La ciudad es muchas veces un espectáculo bochornoso de ruido, suciedad y desorden. Y lo malo no es que la ciudad constituya ese espectáculo lamentable, sino que ella es nuestro espacio vital, algo que nos sostiene y nos concierne, mucho más que un muestrario de desventajas y carencias, algo así como nuestra segunda piel.
Porque la ciudad es también el conjunto de una variedad que pretende ser armoniosa y colorista. Su parcial aspereza cede el paso a un paisaje ameno y atractivo, hecho de parques y de puentes, de un singular río en el caso de las ciudades privilegiadas que lo disfrutan…Su carácter de nervio vital convierte al río en el corazón dinámico de la ciudad, su seña de identidad más natural y expresiva. Y que se complementa con otros escenarios no menos atractivos: las amplias avenidas, las anchas y frescas arboledas, los sugestivos rincones, los edificios antiguos…

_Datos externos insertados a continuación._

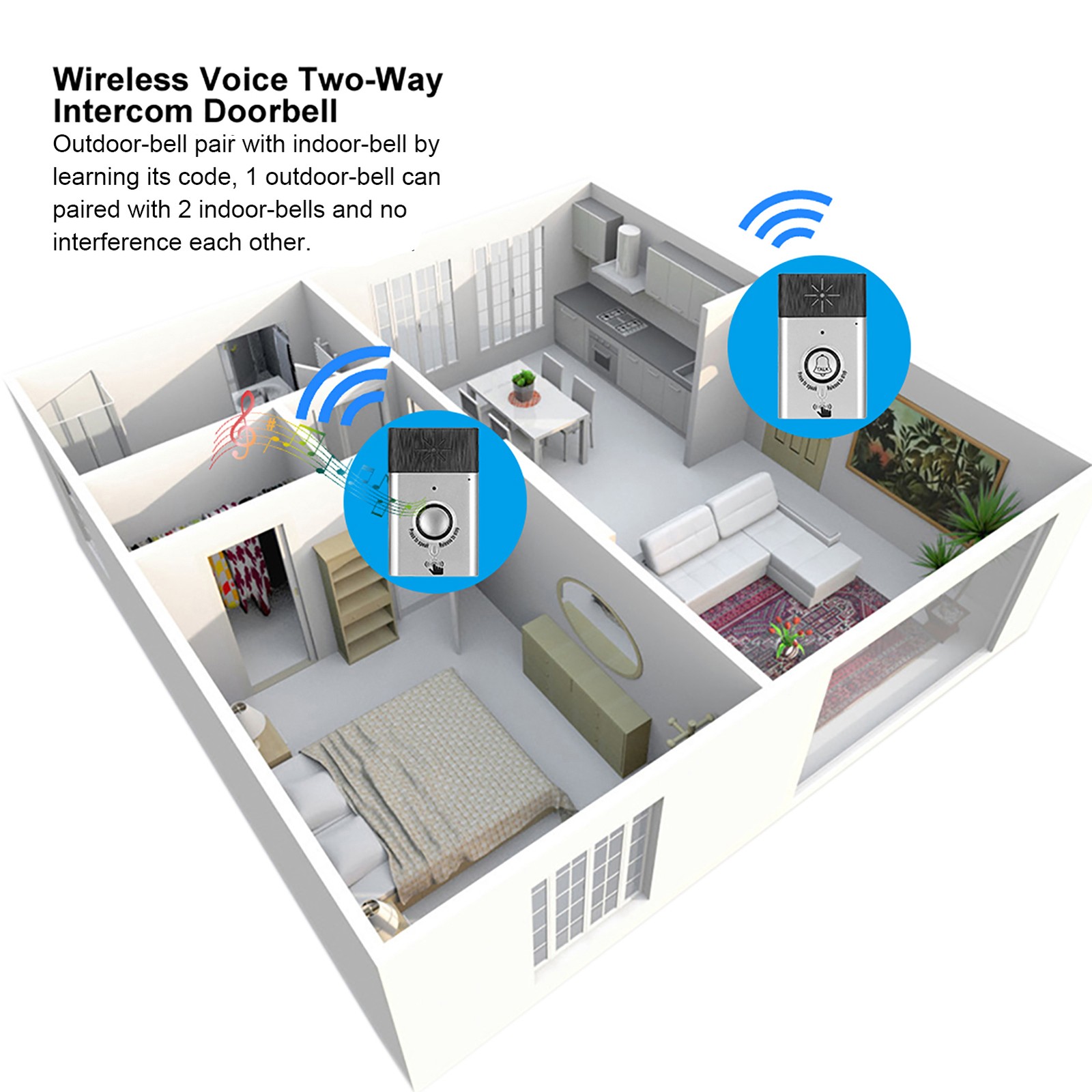 Smart Wireless Voice 2-Way Intercom Doorbell Access Control System Home Se KRI✈️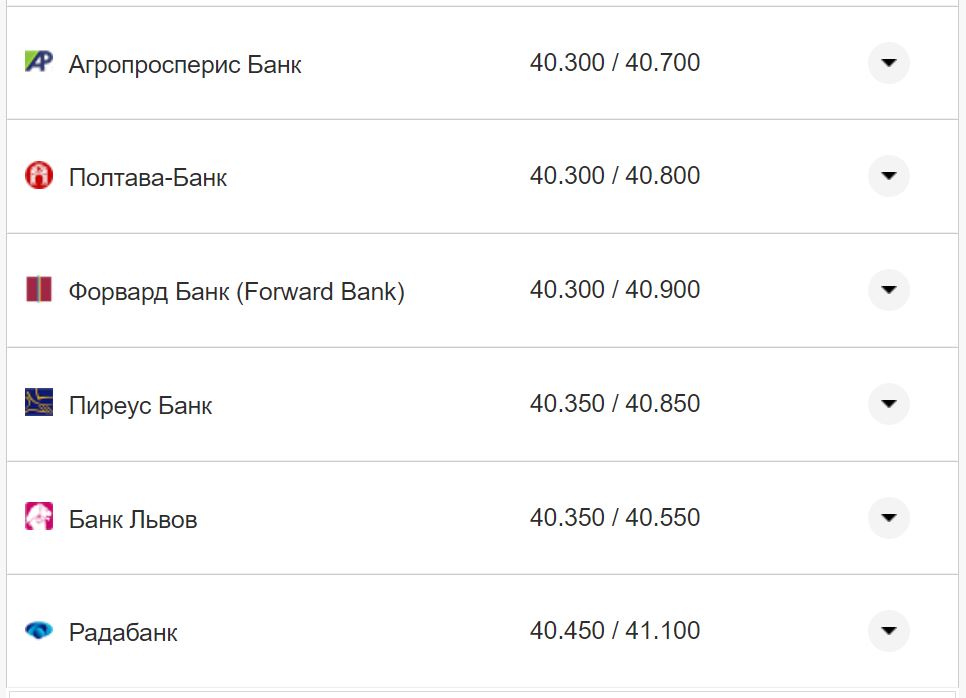Курс валют в Украине 30 августа 2022: сколько стоит доллар и евро фото 17 16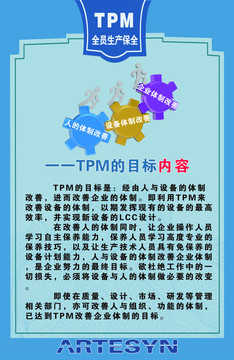 TPM的目标内容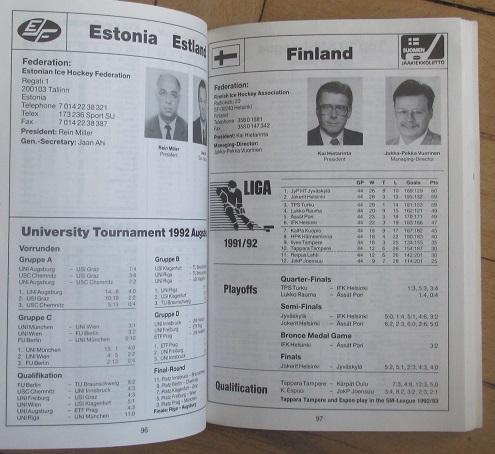 ежегодники международной федерации хоккея 1990/91, 93, 94, 95, 96, 98 и 1999 5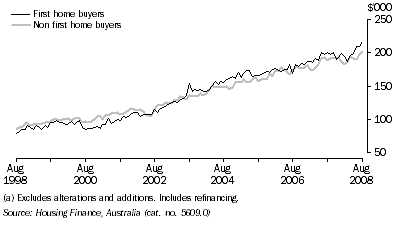 Graph: HOUSING FINANCE COMMITMENTS(a), Owner occupation, Average loan size, Original, South Australia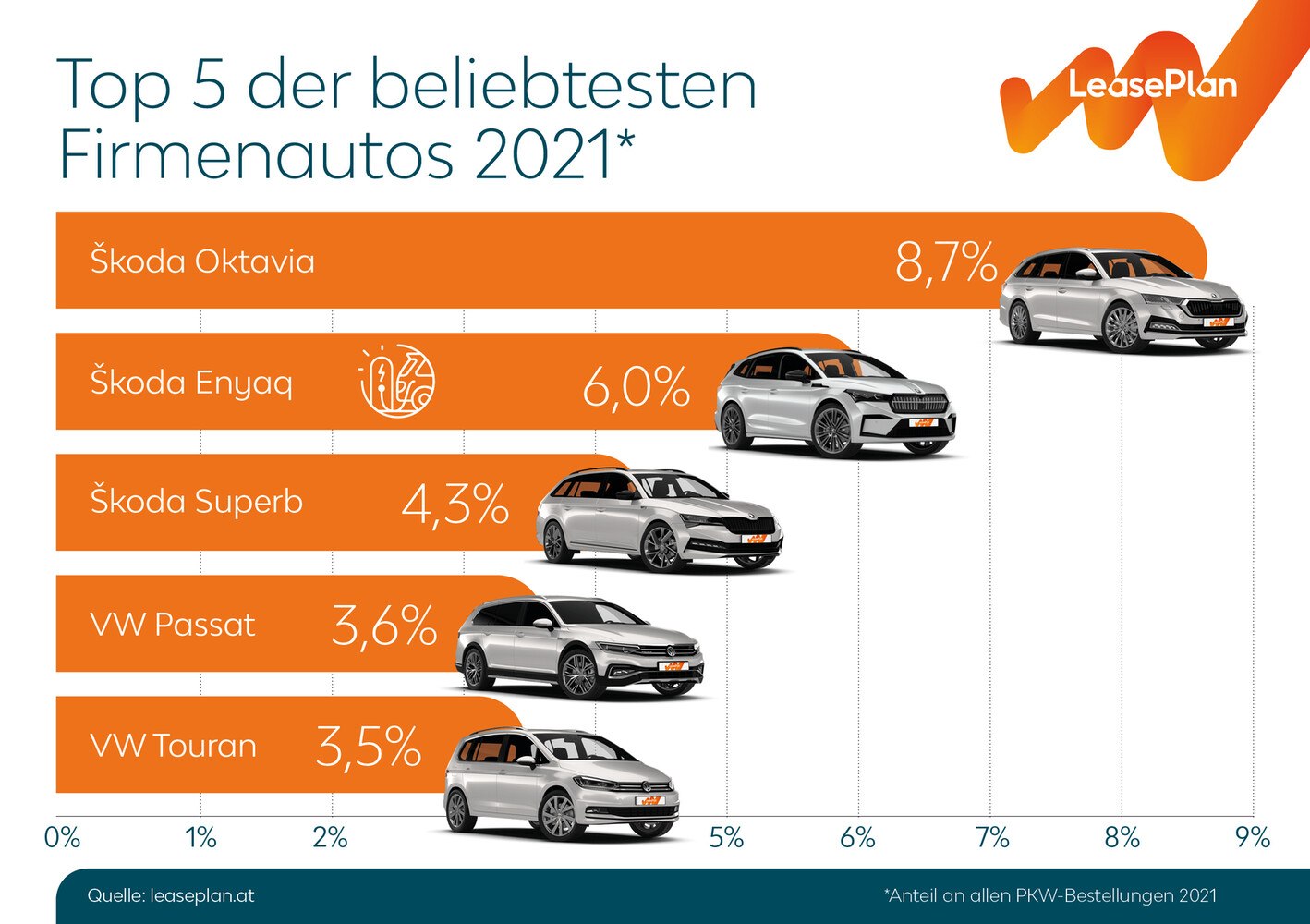 Grafik mit den beliebtesten Firmenautos in Österreich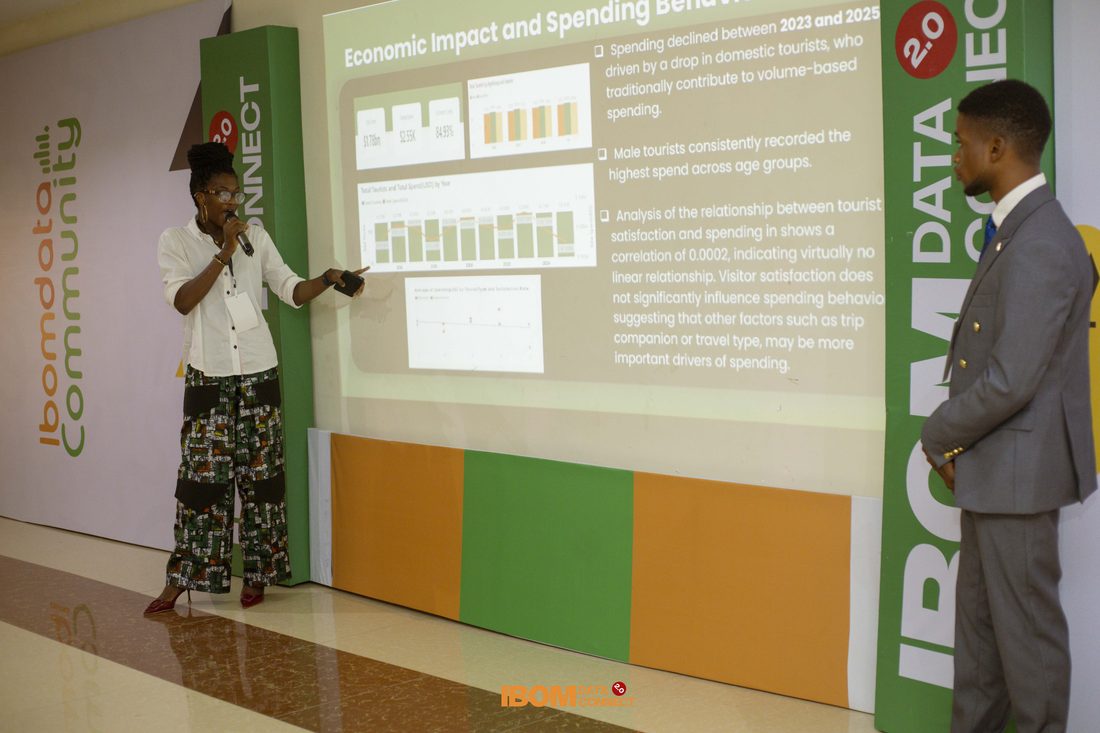 A presenter walking an audience through a real data analysis dashboard at Ibom Data Connect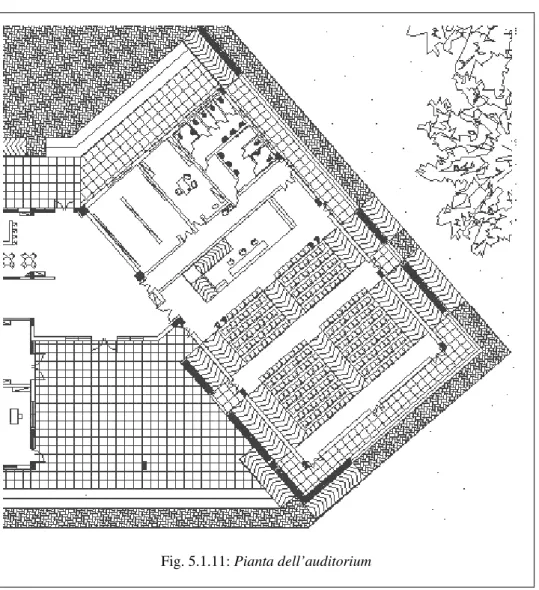 Fig. 5.1.11: Pianta dell’auditorium 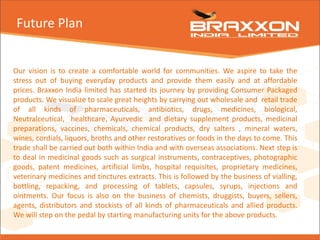 Future Plan
Our vision is to create a comfortable world for communities. We aspire to take the
stress out of buying everyday products and provide them easily and at affordable
prices. Braxxon India limited has started its journey by providing Consumer Packaged
products. We visualize to scale great heights by carrying out wholesale and retail trade
of all kinds of pharmaceuticals, antibiotics, drugs, medicines, biological,
Neutralceutical, healthcare, Ayurvedic and dietary supplement products, medicinal
preparations, vaccines, chemicals, chemical products, dry salters , mineral waters,
wines, cordials, liquors, broths and other restoratives or foods in the days to come. This
trade shall be carried out both within India and with overseas associations. Next step is
to deal in medicinal goods such as surgical instruments, contraceptives, photographic
goods, patent medicines, artificial limbs, hospital requisites, proprietary medicines,
veterinary medicines and tinctures extracts. This is followed by the business of vialling,
bottling, repacking, and processing of tablets, capsules, syrups, injections and
ointments. Our focus is also on the business of chemists, druggists, buyers, sellers,
agents, distributors and stockists of all kinds of pharmaceuticals and allied products.
We will step on the pedal by starting manufacturing units for the above products.
 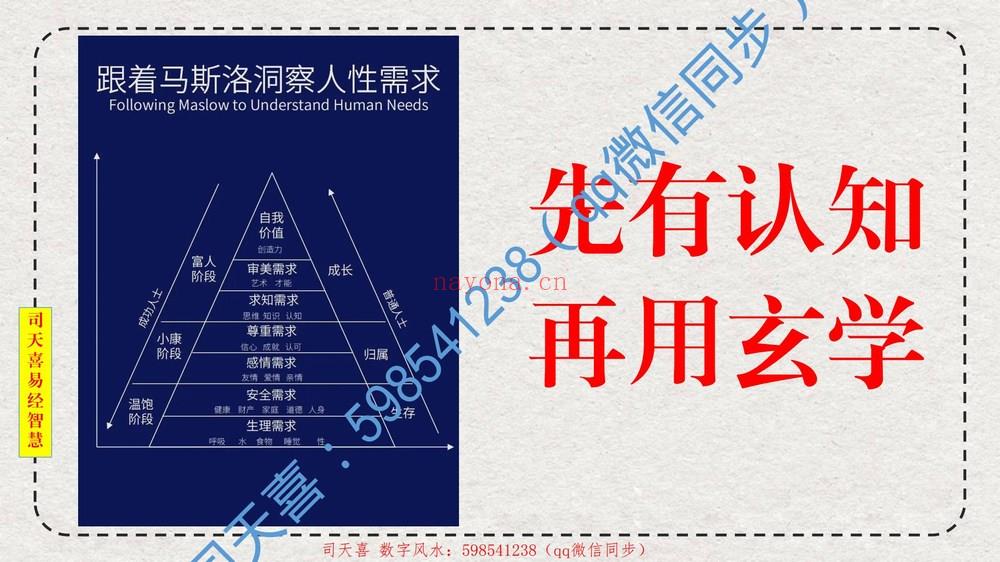 司天喜《貔貅守财法》视频7集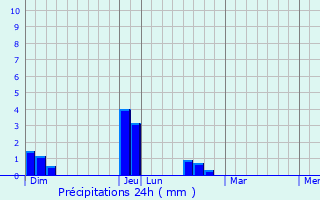 Graphique des précipitations prvues pour pinay-sur-Orge
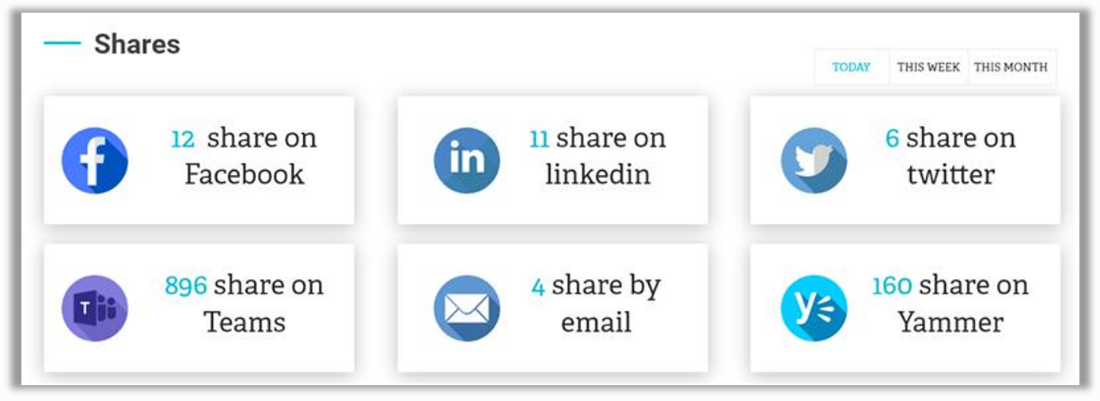 Powell Intranet adoptio reports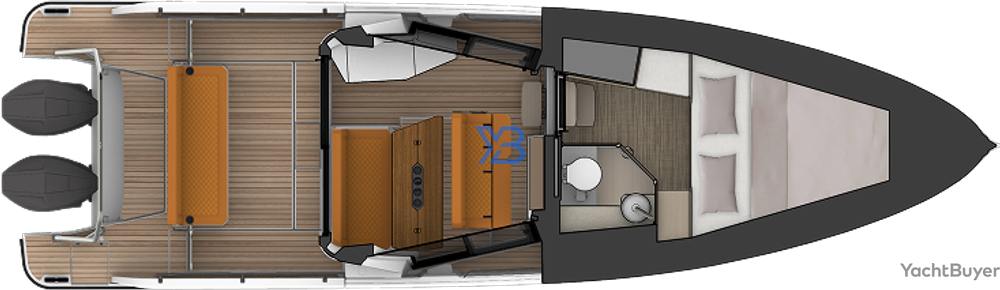  layout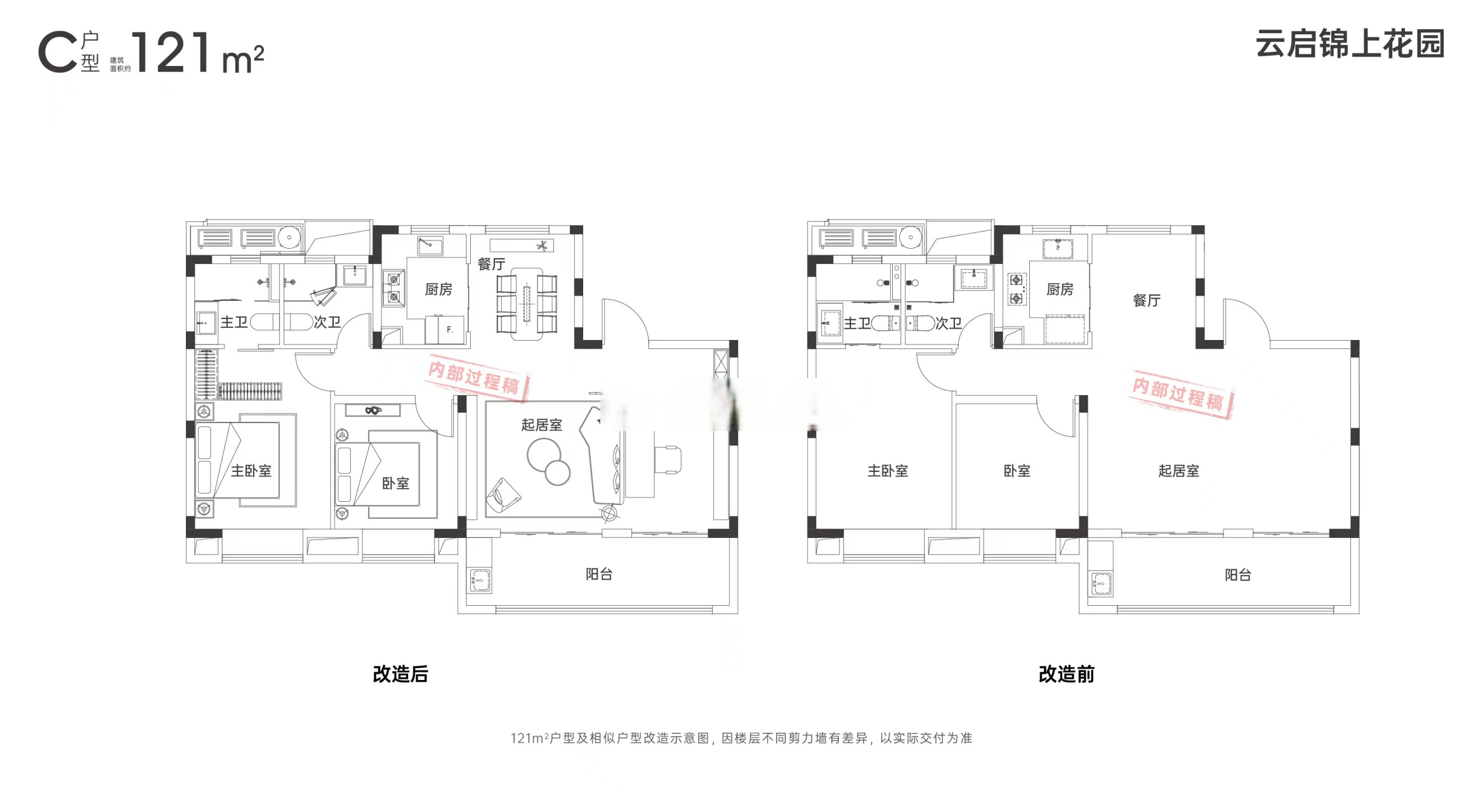 皖投云启锦上08地块1#,3#已取证,总层高16层,两梯两户一层就两户,共计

Poco a poco, un perfil de dignidad y belleza se va adueñando de la ciudad como reflejo de su pasado glorioso para la historia y para la vida social. La ciudad es germen y espacio para la cultura que pervive y se depura a lo largo del tiempo, que también crece arrastrando su amalgama de impurezas que es preciso decantar. Pero la cultura será siempre un homenaje a la creatividad, un canto al arte inserto en la vida, un trabajo cotidiano personal y grupal y un correctivo y contrapeso a las destemplanzas de la “modernidad”.
El silencio y la música son cómplices de la ciudad adormecida. El silencio de la noche estrellada u oscura, la música de fiestas y conciertos: paisajes y sonidos diversos que contribuyen a la armonía del conjunto.
Así la aspereza de la ciudad permite que nos aproximemos a un perfil de belleza que templa nuestros nervios y nos enriquece la vida. Todo ello gracias a los colores y matices que adornan un paisaje siempre singular y único dentro de la variedad.
Que el encanto y la armonía de la ciudad sobrevivan a la banalidad y a la aspereza: es nuestro deseo y nuestra tarea cotidiana.